A evolução das sociedades não anda só de mãos dadas com o avanço tecnológico. Com o passar dos séculos, mudam-se também mentalidades. E, arrastados com as mentalidades, convertem-se costumes. Contudo, por alguma razão desconhecida, parece ter-se criado uma redoma de vidro que protege fervorosamente determinadas práticas. Assim, e independentemente dos seus teores, dá-se uma cegueira coletiva que impede o progresso e aprisiona as sociedades na ideia de que cultura e tradição não devem ser alteradas. A questão é: a que custo? Qual é o valor do entretenimento? Uma vida ceifada?

Na Roma Antiga, os gladiadores combatiam entre si ou com feras em pugnas mortais, para diversão dos romanos. E se essa prática, que enchia o Coliseu de aplausos e gritos eufóricos, se perpetuasse nos dias de hoje? Imagino os rostos em choque e o olhar de reprovação. Mas não é necessário ir longe para ver sangue derramado numa arena circular com plateia. Pergunto, agora, se a tauromaquia não choca o suficiente para ainda ser considerada cultura. E sinto desta vez o silêncio ensurdecedor de uma sociedade que teme metamorfoses pela humanização.

Segundo o preâmbulo do Regulamento Tauromáquico, a tauromaquia “é parte integrante do património da cultura popular portuguesa”. Portanto, a tortura e humilhação animal é uma tradição nacional a preservar, como o rancho folclórico ou os cantares alentejanos. Dentro do mesmo saco mistura-se a arte, a herança cultural e o anacronismo da cultura de derramar sangue.

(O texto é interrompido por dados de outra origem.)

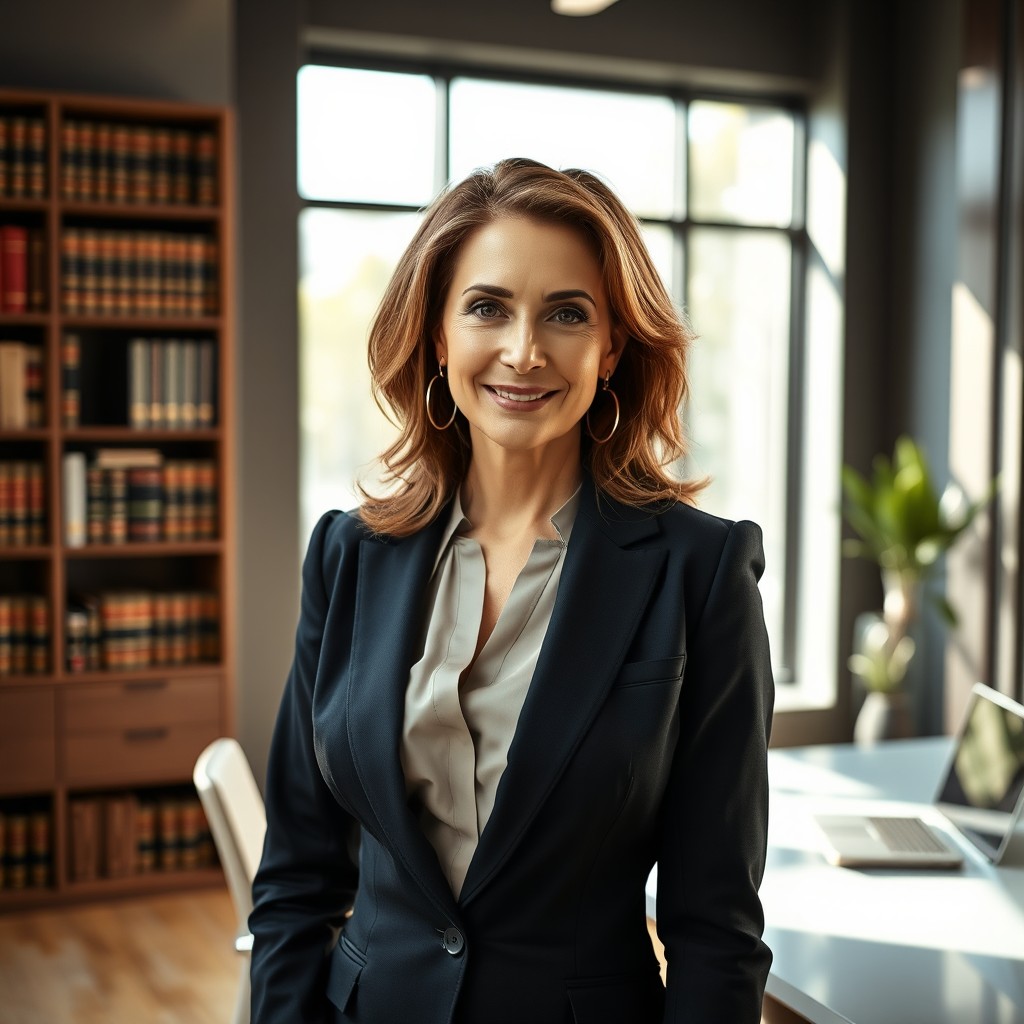 A beautiful and elegant 50-year-old lawyer, embodying confidence and poise, in a modern office environment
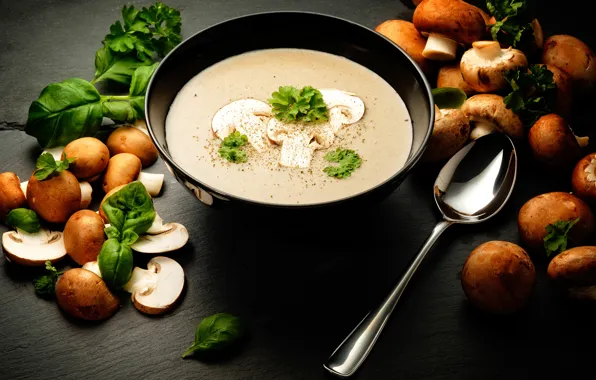 Greens, mushrooms, soup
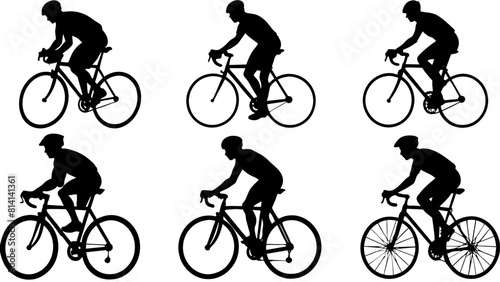 Set of bicycling silhouette collection vector art illustration isolated white background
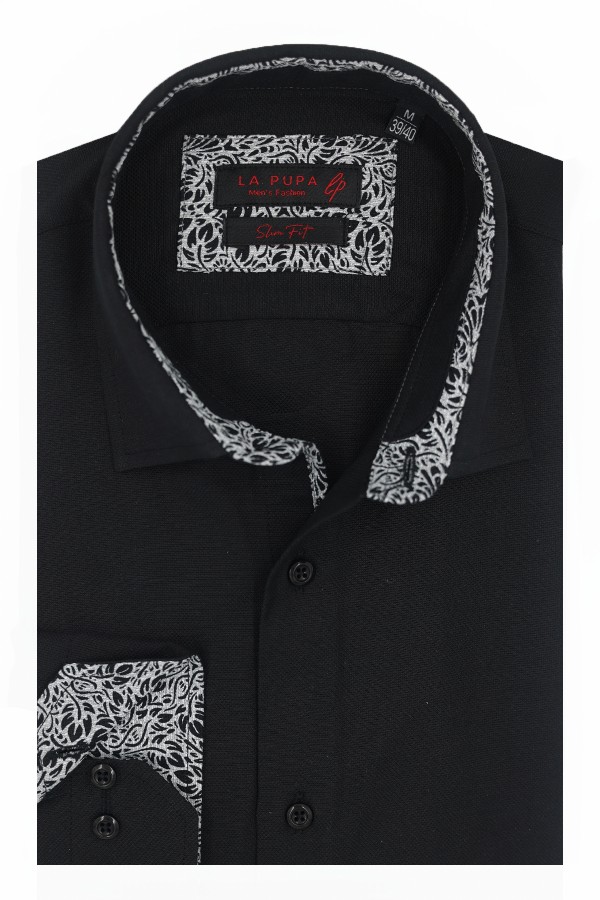 Ανδρικό μαύρο βαμβακερό πουκάμισο slim fit 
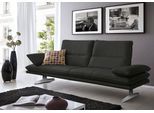 2,5-Sitzer W.SCHILLIG "broadway Designsofa mit hohem Sitzkomfort", grau (graphit z59), B:236cm H:94cm T:96cm, Longlife Xtra-Leder Z59: Glattleder mit modischer Prägung. Hautstärke 0, 9 - 1, 1 mm, Sofas, 2 5-Sitzer, Sitztiefenverstellung, Kopfteil- & Seitenteilverstellung, Breite 236cm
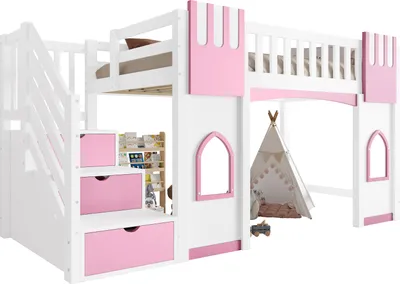 Produktbild von Hochbett mit Schubladen, Rausfallschutz, Lattenrost und Treppe, 90x200 cm, Kinderbett, Holzbett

Em Portugal, as touradas foram abolidas quatro vezes na história. Pela primeira vez em 1578, pelo Cardeal D. Henrique, através de uma bula Papal. Novamente, proibidas em 1809, por D. João VI, com exceção de licenças especiais. Em 1836, a partir de um decreto promulgado por Passos Manuel, durante o reinado de D. Maria II, apesar de ter a duração de escassos meses. E, por fim, em 1919, com um decreto que condenava qualquer tipo de violência exercida contra animais.

As tentativas não foram poucas e alongaram-se por épocas remotas. Mas, nos dias de hoje, o “espetáculo cultural” perdura. A influência de quem deseja a sobrevivência das touradas é pesada e ouve-se bem alto. Em 2017, dez autarquias nacionais gastaram pelo menos 250 mil milhões de euros a apoiar estes eventos. Os apoios municipais e fundos públicos fortalecem e perpetuam o sofrimento animal, totalmente esmagado pela ideia enraizada de que “gostos não se discutem”.

Apesar disso, os passos lentos até à mudança vão se fazendo. Após o relatório do Comité dos Direitos da Criança da Organização das Nações Unidas de 2019, que recomendava a alteração da idade mínima para assistir a touradas, o Governo decidiu agir. Mas só este ano. Existe agora um decreto-lei que proíbe menores de 16 anos de verem estes atos bárbaros. E devagar se vão salvaguardando vidas e “destruindo patrimónios”.

Zelar pela vida de um ser vivo, que não pode dizer não, fugir ou deter-se, parece descabido. O caminho mais fácil é sentar, fruir e aplaudir uma performance que pinta de escarlate a terra e apaga um olhar inocente com lâminas de todos as formas e feitios.